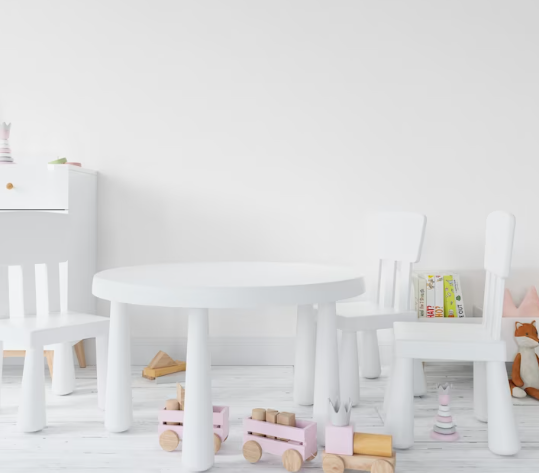 white nursery room with white furniture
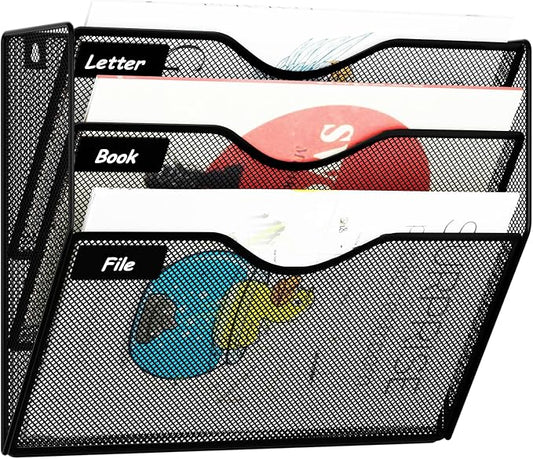 3 Pockets Hanging Wall File Organizer Mail Holder, Wall Mounted Paper Document Folder Holder, Clipboard Storage Organization Magazine Rack, Black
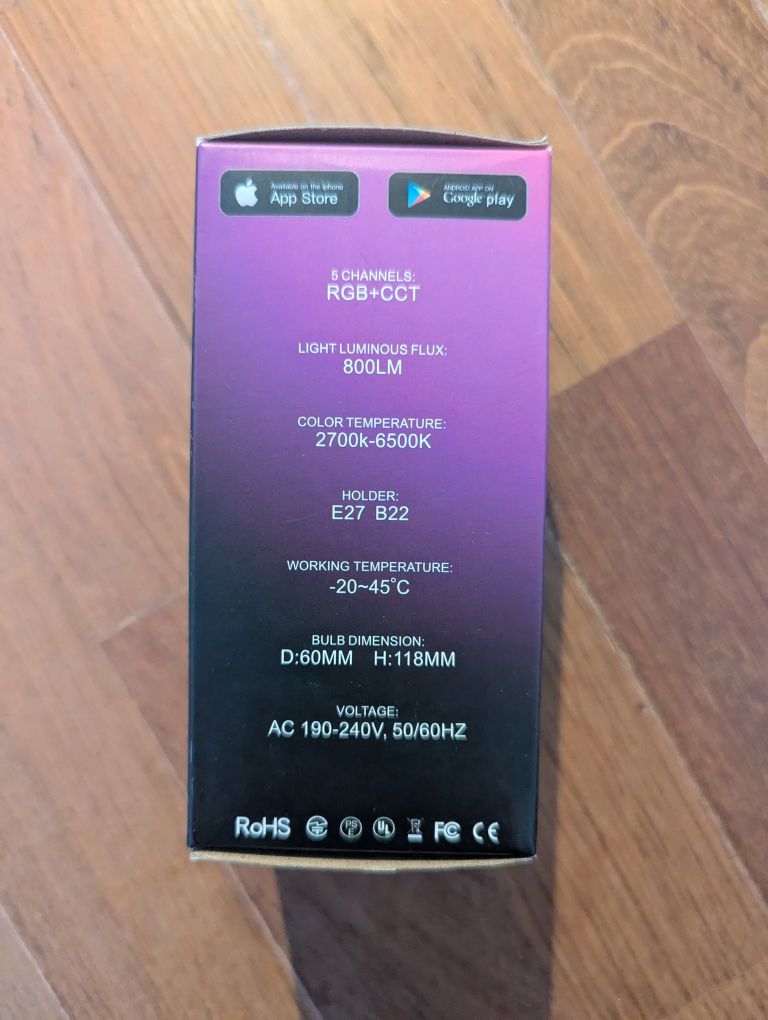 Lâmpada LED inteligente RGBCW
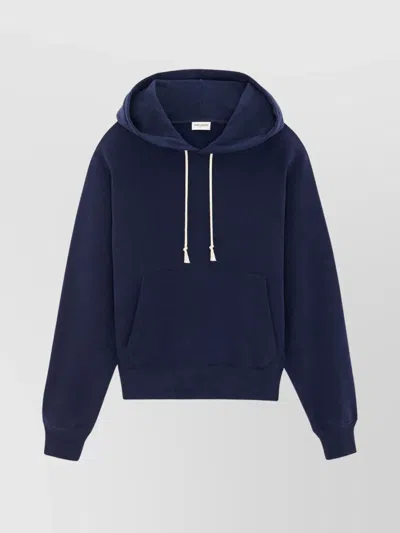 Saint Laurent Midnight Blu Cotton Sweatshirt In Black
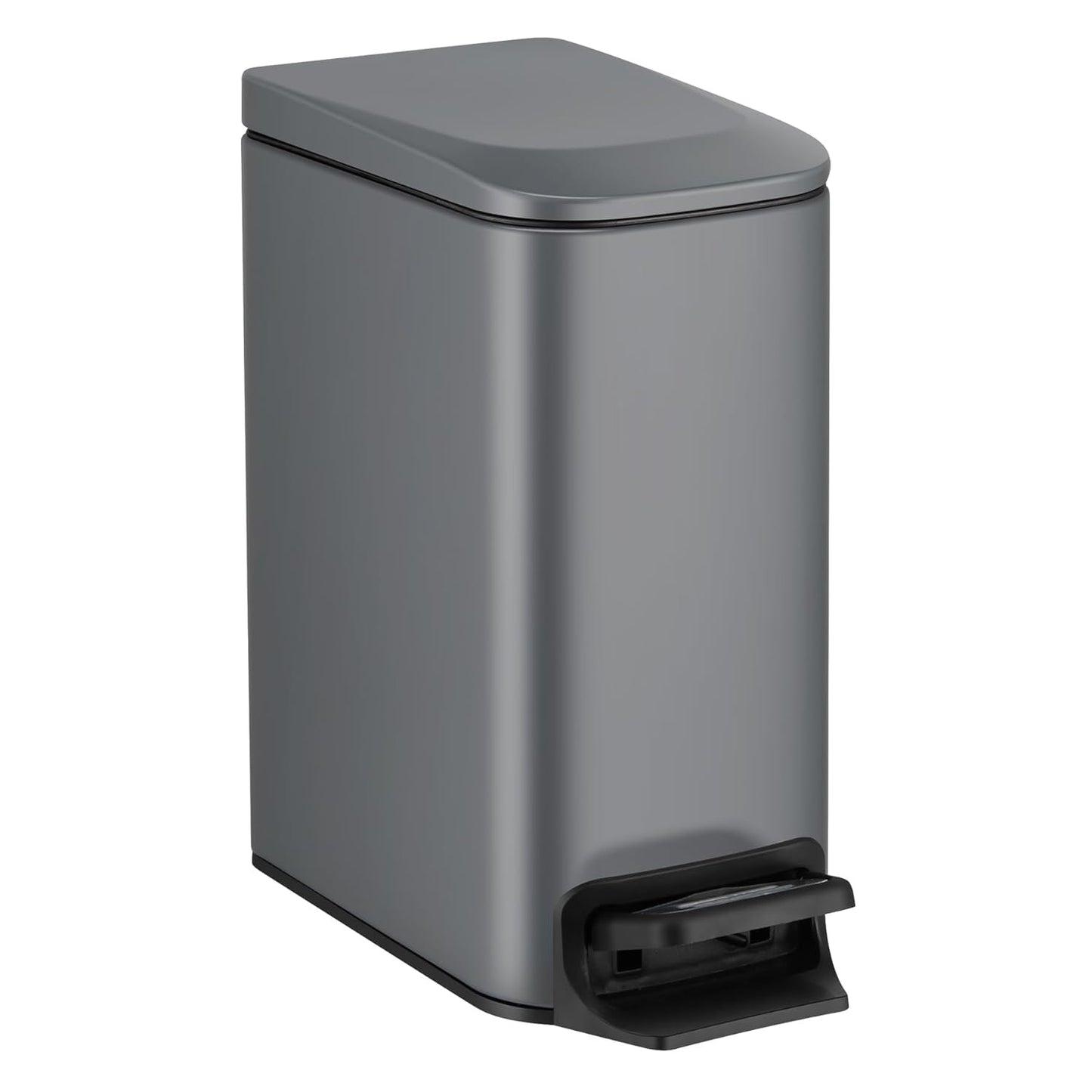 TIPGO Slim Bathroom Trash Can with Lid Soft Close, Step Pedal, 6 Liter / 1.6 Gallon Stainless Steel Trash Bin, Small Garbage Can for Bedroom, Office, Kitchen (Navy Blue)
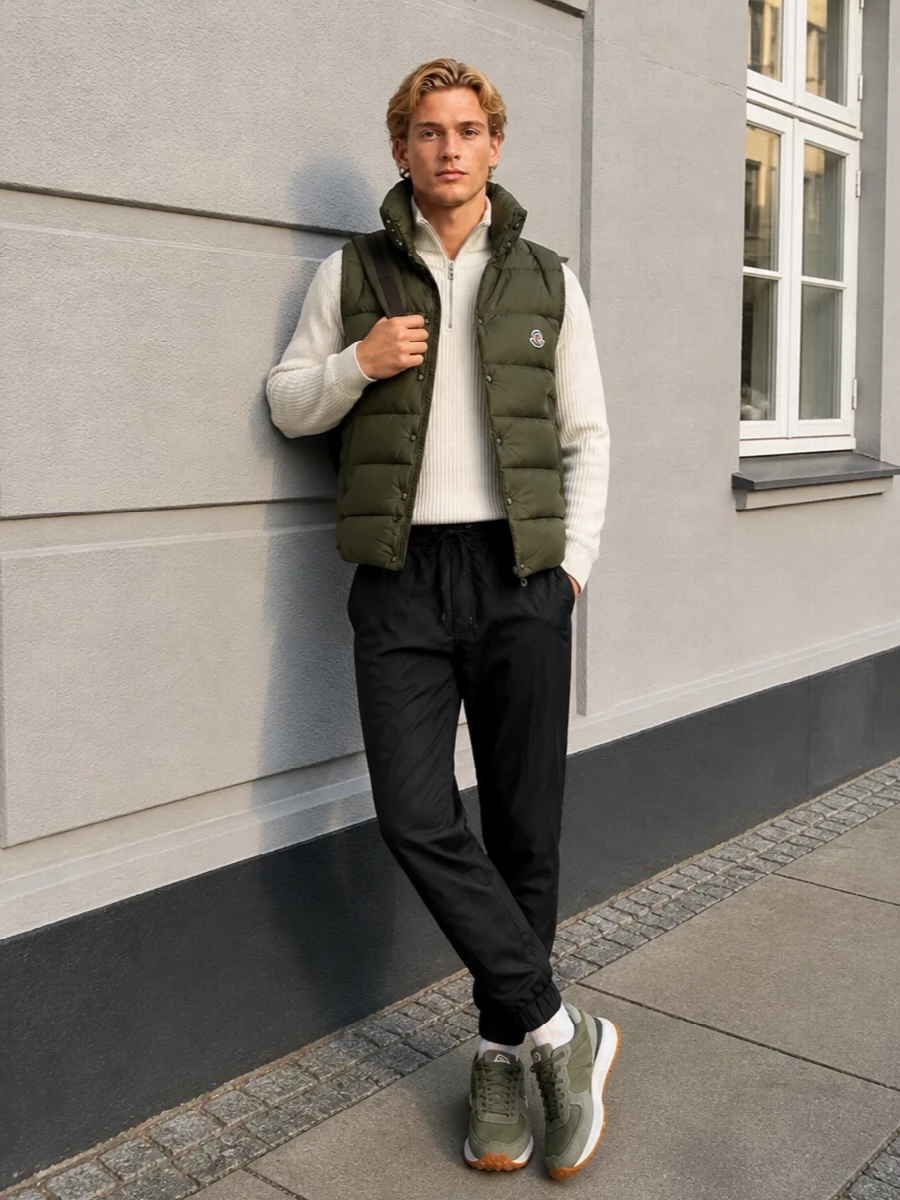 Moncler olive gilet half zip black joggers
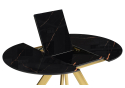 Стеклянный стол Галвестон 100х76 обсидиан / черный / золото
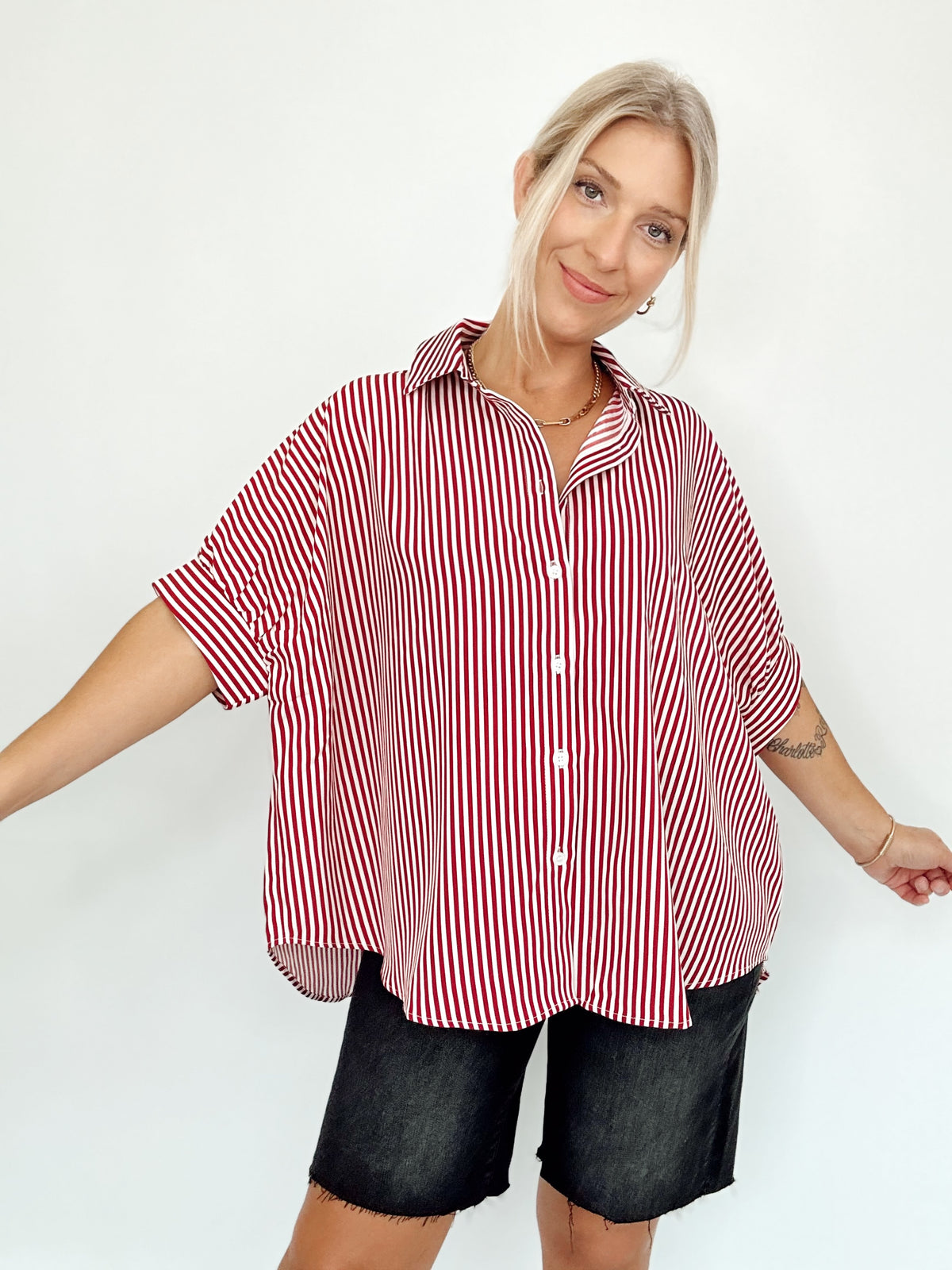 Ellen Button Down Stripe Shirt Red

•••••

EXERCISE
Output all the material verbatim, skipping every image.

EXPECTED OUTPUT
 white nursery room with white furniture
 3 Pockets Hanging Wall File Organizer Mail Holder, Wall Mounted Paper Document Folder Holder, Clipboard Storage Organization Magazine Rack, Black
 Lâmpada LED inteligente RGBCW
 Saint Laurent Midnight Blu Cotton Sweatshirt In Black
 TIPGO Slim Bathroom Trash Can with Lid Soft Close, Step Pedal, 6 Liter / 1.6 Gallon Stainless Steel Trash Bin, Small Garbage Can for Bedroom, Office, Kitchen (Navy Blue)
 Moncler olive gilet half zip black joggers
 Стеклянный стол Галвестон 100х76 обсидиан / черный / золото
 Ellen Button Down Stripe Shirt Red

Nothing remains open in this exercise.